▶ **Problem to solve**
In the records below, find the line that contains "Encounter Between Police" and the line that contains "mooie wit lederen". Set down exactly those lines and every line between them, and nothing more.

▶ **The input**

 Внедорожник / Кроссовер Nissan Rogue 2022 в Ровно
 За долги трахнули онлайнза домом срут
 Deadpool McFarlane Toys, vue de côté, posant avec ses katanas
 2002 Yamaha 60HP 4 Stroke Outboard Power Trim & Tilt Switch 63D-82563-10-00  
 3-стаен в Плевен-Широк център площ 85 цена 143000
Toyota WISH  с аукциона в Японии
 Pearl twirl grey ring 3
---
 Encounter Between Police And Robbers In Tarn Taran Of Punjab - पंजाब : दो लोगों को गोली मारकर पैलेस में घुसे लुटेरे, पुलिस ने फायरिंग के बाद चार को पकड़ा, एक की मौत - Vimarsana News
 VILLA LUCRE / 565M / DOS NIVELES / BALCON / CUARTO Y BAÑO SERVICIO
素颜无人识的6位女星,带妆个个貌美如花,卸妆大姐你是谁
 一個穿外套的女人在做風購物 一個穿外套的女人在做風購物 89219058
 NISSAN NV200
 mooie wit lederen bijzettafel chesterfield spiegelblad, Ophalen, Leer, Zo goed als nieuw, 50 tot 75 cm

▶ **Result of the task**
 Encounter Between Police And Robbers In Tarn Taran Of Punjab - पंजाब : दो लोगों को गोली मारकर पैलेस में घुसे लुटेरे, पुलिस ने फायरिंग के बाद चार को पकड़ा, एक की मौत - Vimarsana News
 VILLA LUCRE / 565M / DOS NIVELES / BALCON / CUARTO Y BAÑO SERVICIO
素颜无人识的6位女星,带妆个个貌美如花,卸妆大姐你是谁
 一個穿外套的女人在做風購物 一個穿外套的女人在做風購物 89219058
 NISSAN NV200
 mooie wit lederen bijzettafel chesterfield spiegelblad, Ophalen, Leer, Zo goed als nieuw, 50 tot 75 cm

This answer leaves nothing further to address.